Imagine for a moment that you’ve built a software thing. In fact, we’ll call it The Thing. You put a lot of work into The Thing, and it does exactly what you wanted it to. You put The Thing into play as part of a larger solution and, after a couple of revisions, its behavior is verified and it is blessed as being production-ready. Months down the road, while building another software solution, you run across a problem similar to the one you solved with The Thing. You make a copy of the original The Thing, tweak it for this purpose, and drop it into the new solution. Repeat this cycle a few times. Five years later, you look up and realize that you’ve got two dozen adaptations of The Thing, all somewhat different and sprinkled across the entire breadth of your code base.
This, dear readers, is how most ETL solutions are developed.
This design, which often results in dozens – perhaps even hundreds – of copies of the same logic is created with good intentions. I need to use The Thing here, I make a copy of the last Thing and modify it for this use case. It solves a problem quickly. However, this technical debt-inducing behavior costs far more in long-term maintenance than the amount of time saved by refactoring a copy of an existing piece of code.
This quandary is not unique to ETL. Every coding project in every organization has some amount of purposeful code duplication. ETL projects, however, seem to be particularly susceptible to this issue. Developers, architects, and project managers fear the unenviable designation of being the person who broke the data warehouse feed, the customer data load, or the shareholder report. The short path is to duplicate and adapt. But is it the only way?
In my continuing series on ETL Best Practices, I’ll share some thoughts about why ETL modularity helps to reduce the total development time and costs of ownership.

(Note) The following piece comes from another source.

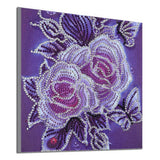 Maxbell 4 Pieces DIY 5D Diamond Painting by Number Kit Crystal Rhinestone Embroidery Cross Stitch Arts Craft Canvas Wall Decor (Mixed Flower) - Aladdin Shoppers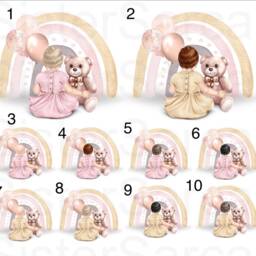 Baby Girls 1st First Birthday Personalised Plaque Keepsake Gift Bauble Niece Granddaughter Goddaughter Daughter 2nd 3rd - thumbnail 2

Of all the ETL design patterns I write about, there is none that delivers more return on your time investment than modularizing your ETL processes. In a nutshell, ETL modularization involves abstracting common tasks into reusable units of work. For a more concrete example, let’s consider the scenario of downloading a file from an FTP server, a common task in most any ETL infrastructure. Since most ETL software suites have built-in tasks to handle FTP downloads, a common design pattern is to include that task (with hard-coded paths to the source file and local destination folder) in each ETL process requiring an FTP download. As described, the download and import process would have the following flow.
This pattern works splendidly for a single process. However, you’ll never have just a single ETL process that downloads a file from FTP. These things always travel in herds, so the odds are good you’ve got a ton of related tasks. When you set them up piece by piece over months or even years, your patterns start to look a little like this.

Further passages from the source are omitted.